The Jamaica Bauxite Institute (JBI)/Jamaica Social Investment Fund (JSIF) Greenhouse Cluster and Water Harvesting Project is being hailed as an example of sustainable land use in post-mining areas.
The project, being implemented under the World Bank-funded Rural Economic Development Initiative II (REDI II), which is administered by JSIF, seeks to enhance bauxite communities by encouraging the productive use of mined-out lands for agriculture.
Minister of Transport and Mining, Hon. Audley Shaw, said that the initiative has proven to be of major benefit to farmers and the communities in which they are being undertaken.
He noted that the project partners share a common goal of poverty reduction and increasing the earning potential of rural people, especially farmers.
Minister Shaw was speaking during a recent tour of the Content greenhouse cluster in Manchester.
Some 20 farmers are a part of the cluster, established in 2017 under the first phase of REDI, where they are cultivating vegetable crops, which are sold to hotels and other large buyers.
In March 2021, JSIF and JBI signed a Memorandum of Understanding (MOU) for implementation of the second phase of the Water Harvesting and Greenhouse Cluster Project under REDI II, which supports and finances community-level projects in the areas of agriculture and tourism in rural Jamaica.

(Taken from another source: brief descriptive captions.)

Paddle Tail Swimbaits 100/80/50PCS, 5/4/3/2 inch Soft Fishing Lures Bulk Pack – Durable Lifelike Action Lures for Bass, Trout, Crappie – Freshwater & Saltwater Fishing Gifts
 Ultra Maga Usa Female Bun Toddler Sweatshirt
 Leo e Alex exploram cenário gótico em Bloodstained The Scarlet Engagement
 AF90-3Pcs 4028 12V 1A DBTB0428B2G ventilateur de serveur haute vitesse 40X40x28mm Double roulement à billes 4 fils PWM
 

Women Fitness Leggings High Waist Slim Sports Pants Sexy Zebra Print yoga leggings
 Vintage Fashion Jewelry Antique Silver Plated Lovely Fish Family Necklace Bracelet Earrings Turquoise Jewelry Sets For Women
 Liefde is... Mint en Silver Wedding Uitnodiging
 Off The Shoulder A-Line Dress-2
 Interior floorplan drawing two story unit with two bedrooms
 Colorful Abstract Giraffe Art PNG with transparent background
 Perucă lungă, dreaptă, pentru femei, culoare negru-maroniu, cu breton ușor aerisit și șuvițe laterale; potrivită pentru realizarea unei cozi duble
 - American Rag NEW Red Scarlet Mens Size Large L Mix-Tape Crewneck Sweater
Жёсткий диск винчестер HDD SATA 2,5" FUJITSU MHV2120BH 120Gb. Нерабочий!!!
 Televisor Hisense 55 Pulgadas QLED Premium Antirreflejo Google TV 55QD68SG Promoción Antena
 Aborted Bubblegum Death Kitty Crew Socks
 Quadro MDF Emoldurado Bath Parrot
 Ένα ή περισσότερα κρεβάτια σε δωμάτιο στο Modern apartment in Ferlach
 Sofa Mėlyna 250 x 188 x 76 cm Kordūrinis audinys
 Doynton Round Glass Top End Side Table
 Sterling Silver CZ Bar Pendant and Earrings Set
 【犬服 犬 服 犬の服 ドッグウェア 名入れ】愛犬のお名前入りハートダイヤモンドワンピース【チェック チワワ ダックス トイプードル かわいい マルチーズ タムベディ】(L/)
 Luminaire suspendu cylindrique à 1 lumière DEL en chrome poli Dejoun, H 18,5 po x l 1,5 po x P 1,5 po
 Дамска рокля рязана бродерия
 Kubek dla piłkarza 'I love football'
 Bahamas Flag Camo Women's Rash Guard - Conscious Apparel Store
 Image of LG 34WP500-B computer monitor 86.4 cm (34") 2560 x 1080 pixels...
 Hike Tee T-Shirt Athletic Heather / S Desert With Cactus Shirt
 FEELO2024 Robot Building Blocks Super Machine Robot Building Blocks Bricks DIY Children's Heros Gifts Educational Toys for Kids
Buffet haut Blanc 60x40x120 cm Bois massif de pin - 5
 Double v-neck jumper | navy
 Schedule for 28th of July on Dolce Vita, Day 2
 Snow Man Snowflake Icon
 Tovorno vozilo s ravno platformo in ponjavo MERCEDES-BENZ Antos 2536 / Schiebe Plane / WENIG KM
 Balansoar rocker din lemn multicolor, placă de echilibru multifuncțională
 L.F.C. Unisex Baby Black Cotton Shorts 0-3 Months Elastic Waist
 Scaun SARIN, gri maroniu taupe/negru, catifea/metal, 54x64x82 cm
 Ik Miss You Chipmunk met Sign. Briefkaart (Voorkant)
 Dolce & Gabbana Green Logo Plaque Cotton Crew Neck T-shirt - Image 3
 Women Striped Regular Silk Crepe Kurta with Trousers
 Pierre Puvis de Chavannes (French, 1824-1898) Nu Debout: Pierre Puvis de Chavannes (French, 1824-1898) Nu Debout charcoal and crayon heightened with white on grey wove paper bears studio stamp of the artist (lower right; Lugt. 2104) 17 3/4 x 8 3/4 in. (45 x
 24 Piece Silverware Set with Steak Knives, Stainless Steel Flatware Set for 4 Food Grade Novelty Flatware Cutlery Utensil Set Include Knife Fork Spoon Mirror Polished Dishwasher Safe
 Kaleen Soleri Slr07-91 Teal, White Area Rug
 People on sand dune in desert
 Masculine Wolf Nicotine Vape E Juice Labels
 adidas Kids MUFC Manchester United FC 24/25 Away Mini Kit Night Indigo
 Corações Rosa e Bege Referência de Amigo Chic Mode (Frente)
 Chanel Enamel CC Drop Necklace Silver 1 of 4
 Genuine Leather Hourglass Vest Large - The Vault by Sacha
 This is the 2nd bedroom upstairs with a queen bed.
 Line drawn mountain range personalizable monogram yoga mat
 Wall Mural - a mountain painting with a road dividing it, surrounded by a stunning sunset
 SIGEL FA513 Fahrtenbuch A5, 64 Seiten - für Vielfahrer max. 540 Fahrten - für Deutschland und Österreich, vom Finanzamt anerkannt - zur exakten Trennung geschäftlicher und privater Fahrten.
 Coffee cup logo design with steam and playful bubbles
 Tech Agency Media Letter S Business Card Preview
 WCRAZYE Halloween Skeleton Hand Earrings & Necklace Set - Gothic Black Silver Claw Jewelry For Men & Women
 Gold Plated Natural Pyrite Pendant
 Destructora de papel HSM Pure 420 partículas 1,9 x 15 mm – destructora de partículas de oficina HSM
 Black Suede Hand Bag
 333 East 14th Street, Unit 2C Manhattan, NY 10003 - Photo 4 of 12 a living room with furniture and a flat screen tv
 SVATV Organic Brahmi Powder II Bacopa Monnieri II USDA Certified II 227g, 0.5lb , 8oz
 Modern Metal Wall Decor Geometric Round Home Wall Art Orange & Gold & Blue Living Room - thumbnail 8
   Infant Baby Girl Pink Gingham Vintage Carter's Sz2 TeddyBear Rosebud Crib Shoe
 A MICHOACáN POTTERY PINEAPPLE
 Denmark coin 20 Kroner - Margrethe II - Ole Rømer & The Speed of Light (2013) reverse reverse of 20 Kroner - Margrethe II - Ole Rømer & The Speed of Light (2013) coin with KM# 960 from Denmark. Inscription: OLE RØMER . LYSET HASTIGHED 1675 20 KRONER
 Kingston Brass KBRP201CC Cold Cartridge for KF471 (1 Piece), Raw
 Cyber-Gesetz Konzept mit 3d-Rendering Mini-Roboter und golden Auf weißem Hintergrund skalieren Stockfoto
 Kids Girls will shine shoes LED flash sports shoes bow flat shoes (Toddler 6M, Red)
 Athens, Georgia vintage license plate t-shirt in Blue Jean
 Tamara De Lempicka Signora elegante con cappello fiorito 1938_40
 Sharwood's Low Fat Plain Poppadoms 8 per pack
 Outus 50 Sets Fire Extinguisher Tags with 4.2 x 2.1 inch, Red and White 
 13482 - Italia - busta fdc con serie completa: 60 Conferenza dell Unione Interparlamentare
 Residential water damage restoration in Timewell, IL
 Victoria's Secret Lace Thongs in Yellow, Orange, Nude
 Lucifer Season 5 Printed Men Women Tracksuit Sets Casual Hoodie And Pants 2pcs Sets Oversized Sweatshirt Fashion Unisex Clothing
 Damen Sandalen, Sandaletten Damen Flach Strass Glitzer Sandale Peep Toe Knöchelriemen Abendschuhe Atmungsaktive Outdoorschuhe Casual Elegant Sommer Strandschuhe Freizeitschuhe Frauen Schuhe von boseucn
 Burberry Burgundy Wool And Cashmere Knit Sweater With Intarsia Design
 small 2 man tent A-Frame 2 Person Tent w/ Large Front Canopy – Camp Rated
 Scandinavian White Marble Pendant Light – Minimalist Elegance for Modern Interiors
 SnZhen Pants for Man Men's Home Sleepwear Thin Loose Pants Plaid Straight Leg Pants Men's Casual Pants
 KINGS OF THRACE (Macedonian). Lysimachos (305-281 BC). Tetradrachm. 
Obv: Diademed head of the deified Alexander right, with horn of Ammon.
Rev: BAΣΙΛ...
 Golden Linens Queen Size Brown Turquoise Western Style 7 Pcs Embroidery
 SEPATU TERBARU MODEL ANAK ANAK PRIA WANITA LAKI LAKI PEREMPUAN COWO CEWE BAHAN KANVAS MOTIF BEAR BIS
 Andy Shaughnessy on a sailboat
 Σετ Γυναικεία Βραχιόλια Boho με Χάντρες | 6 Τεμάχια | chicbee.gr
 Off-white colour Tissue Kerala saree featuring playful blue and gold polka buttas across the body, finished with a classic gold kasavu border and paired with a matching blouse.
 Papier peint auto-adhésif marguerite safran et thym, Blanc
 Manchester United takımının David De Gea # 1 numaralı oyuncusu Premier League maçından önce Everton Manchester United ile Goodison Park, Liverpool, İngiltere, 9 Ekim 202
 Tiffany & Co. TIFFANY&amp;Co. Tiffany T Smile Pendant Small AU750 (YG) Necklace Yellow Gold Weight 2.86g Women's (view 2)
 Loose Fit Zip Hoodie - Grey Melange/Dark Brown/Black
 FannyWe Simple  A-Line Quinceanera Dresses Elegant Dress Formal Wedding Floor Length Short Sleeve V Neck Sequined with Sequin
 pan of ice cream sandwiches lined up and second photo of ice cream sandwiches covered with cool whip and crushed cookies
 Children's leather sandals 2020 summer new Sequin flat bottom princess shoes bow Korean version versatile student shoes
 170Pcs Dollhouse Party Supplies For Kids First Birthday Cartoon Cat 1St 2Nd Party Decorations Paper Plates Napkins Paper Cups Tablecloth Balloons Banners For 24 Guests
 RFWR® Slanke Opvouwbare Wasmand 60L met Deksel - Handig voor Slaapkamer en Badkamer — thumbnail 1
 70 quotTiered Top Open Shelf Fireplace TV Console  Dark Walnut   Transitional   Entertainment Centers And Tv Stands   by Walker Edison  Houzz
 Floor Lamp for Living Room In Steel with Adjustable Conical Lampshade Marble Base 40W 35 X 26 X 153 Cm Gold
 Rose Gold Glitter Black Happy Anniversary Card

It is aimed at improving agriculture and tourism linkages, enhancing access to markets, and strengthening climate-resilient approaches for targeted beneficiaries.
Some 320 greenhouse farmers and their households, including vulnerable groups and persons with disabilities, are slated to benefit from the initiative over a five-year period.
Approximately 300 greenhouses are expected to be constructed in mined-out lands across multiple parishes supported by repurposed bauxite pits for rainwater harvesting to increase vegetable crop production.
The project will provide wider benefits to communities in terms of greater food availability, employment opportunities, and economic development through entrepreneurship revenue-generation; crop production that is resilient to climate change; and increased production capacity to respond to greater market demand.
Minister Shaw said the Water Harvesting and Greenhouse Cluster Project has proven to be one of the single largest investments made in small-scale commercial agriculture in rural Jamaica, and is comparable to the agro-parks programme, both in terms of its potential economic and social impact and total coverage.
He commended the JBI for its continuous monitoring and assistance to the clusters.
He noted that the JBI’s nursery was the provider of seedlings for the start-up of the initial 160 greenhouses under the first phase of REDI, implemented between 2010 and 2017, and continues to supply the clusters when orders are received on a commercial arrangement.
“Upon review, the programme was deemed a success, and its sustainability was one of the reasons why the World Bank has lent further support by way of REDI II, which is also administered by JSIF,” the Minister said.
He noted that the project is well placed to take advantage of the opportunities that will arise from the full recovery of the tourism and entertainment sectors.